[I18n-sig] JapaneseCodecs 1.4.8 released
Tamito KAJIYAMA
kajiyama@grad.sccs.chukyo-u.ac.jp
Fri, 6 Sep 2002 11:05:17 +0900
martin@v.loewis.de (Martin v. Loewis) writes:
|
| > One addition: the mapping used in Java is also one-to-one so
| > that it may be another candidate.
|
| That is not true (according to the ICU data). Java maps U+00A5 to
| 0x5c, which it maps back to U+005C.
A test program showed that Java's mapping works as follows:
0x815f -> U+ff3c -> 0x815f
0x5c -> U+005c -> 0x5c
U+00a5 -> 0x5c
It is not true that Java's mapping is one-to-one. But both
0x815f and 0x5c show a round-trip, which is what I want to have.

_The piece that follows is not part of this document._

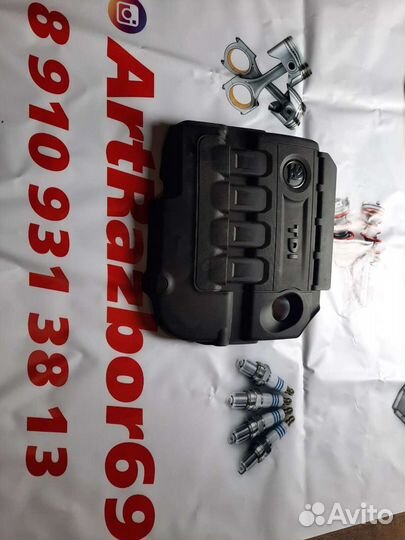 Накладка двигателя skoda 2.0 дизель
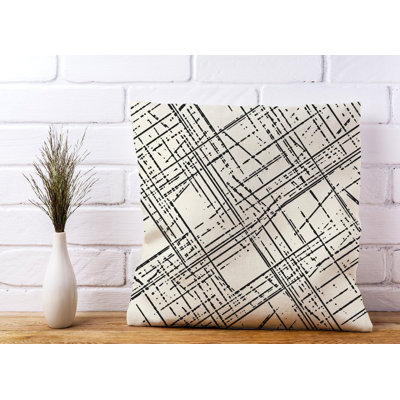 Bern Abstract Square Throw Cushion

The mapping of U+00a5 to 0x5c seems a fallback.
The test program and its execution result are shown below. I've
used Sun's J2SE 1.3 on Linux.
$ cat UnicodeTest1.java
class UnicodeTest1 {
public static void main(String args[]) {
try {
byte[] b = { -127, 95, 92 }; /* 0x815f, 0x5c */
String s = new String(b, "Shift_JIS") + "\u00a5";
System.out.print("Unicode: "); dump(s.getBytes("UnicodeBig"));
System.out.print("Shift_JIS:"); dump(s.getBytes("Shift_JIS"));
} catch (java.io.UnsupportedEncodingException e) {
e.printStackTrace();
}
}
public static void dump(byte[] b) {
for (int i = 0; i < b.length ; i++) {
String h = "0" + Integer.toHexString(b[i]);
System.out.print(" " + h.substring(h.length()-2, h.length()));
}
System.out.println();
}
}
$ javac UnicodeTest1.java
$ java UnicodeTest1
Unicode: fe ff ff 3c 00 5c 00 a5
Shift_JIS: 81 5f 5c 5c
$
Regards,
--
KAJIYAMA, Tamito <kajiyama@grad.sccs.chukyo-u.ac.jp>